**Given data**:
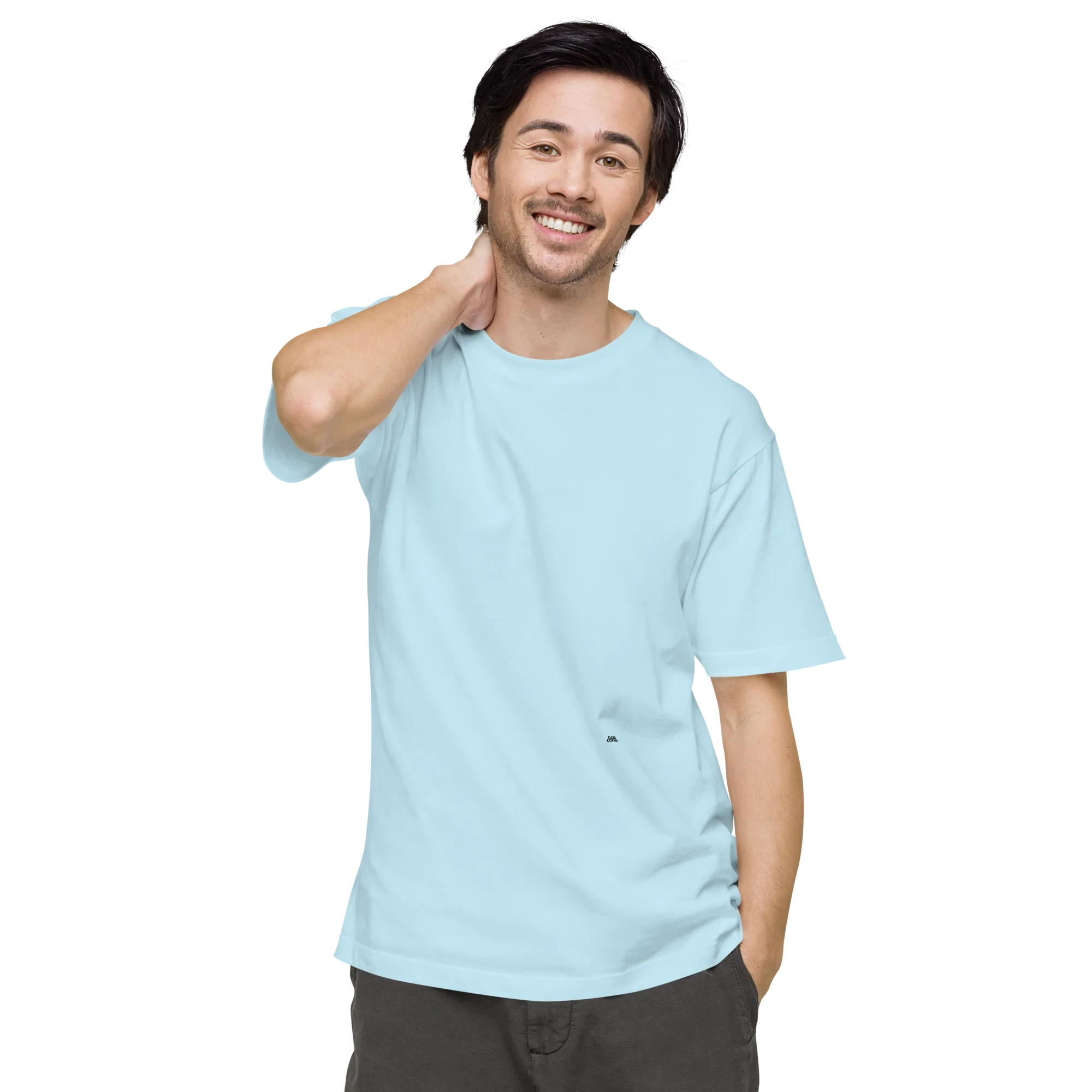 Relaxed Fit Cotton Tee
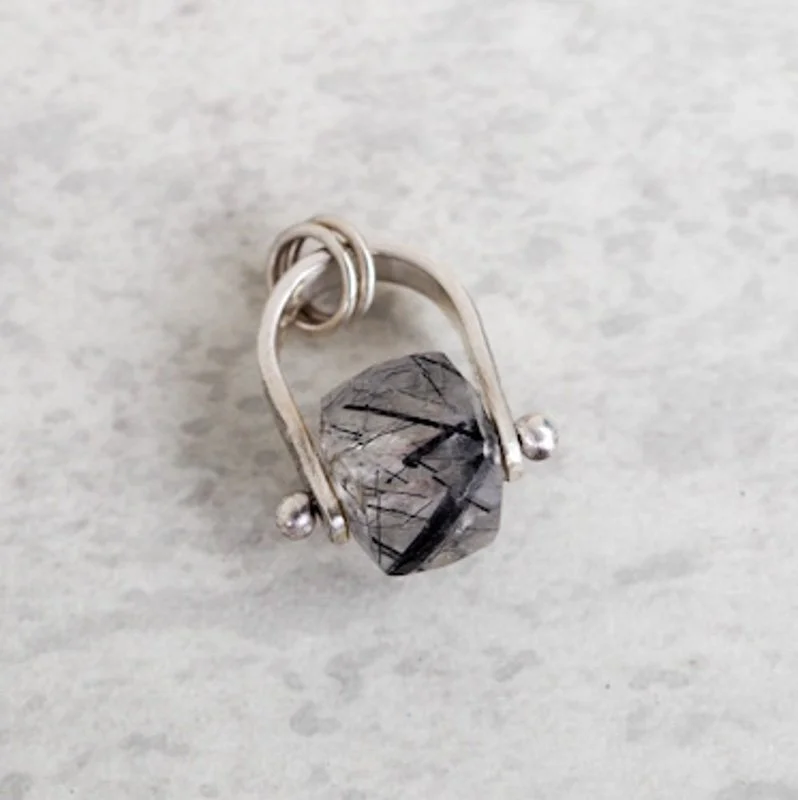 Pinned Rutilated Quartz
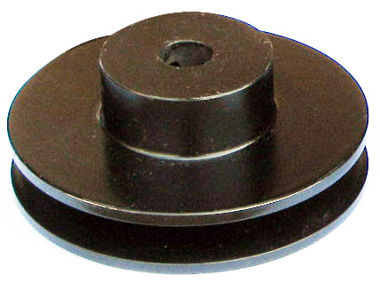 ONE BELT PULLEY WITH SHORT NECK WITHOUT THREAD, 112MM / 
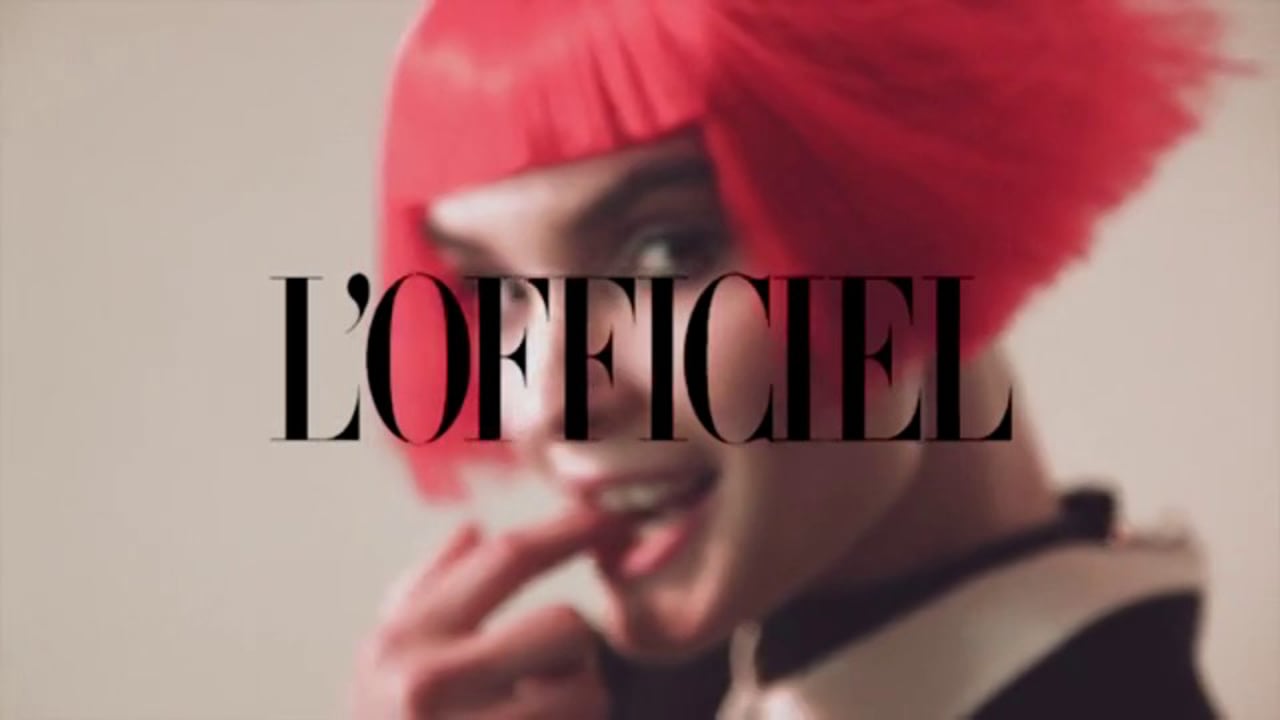 L'officiel Turkey Fashion Photoshoot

**Assigned task**: A faithful, word-for-word copy of the data is needed; the pictures should not appear in it.

**Finished task**:
 Relaxed Fit Cotton Tee
 Pinned Rutilated Quartz
 ONE BELT PULLEY WITH SHORT NECK WITHOUT THREAD, 112MM / 
 L'officiel Turkey Fashion Photoshoot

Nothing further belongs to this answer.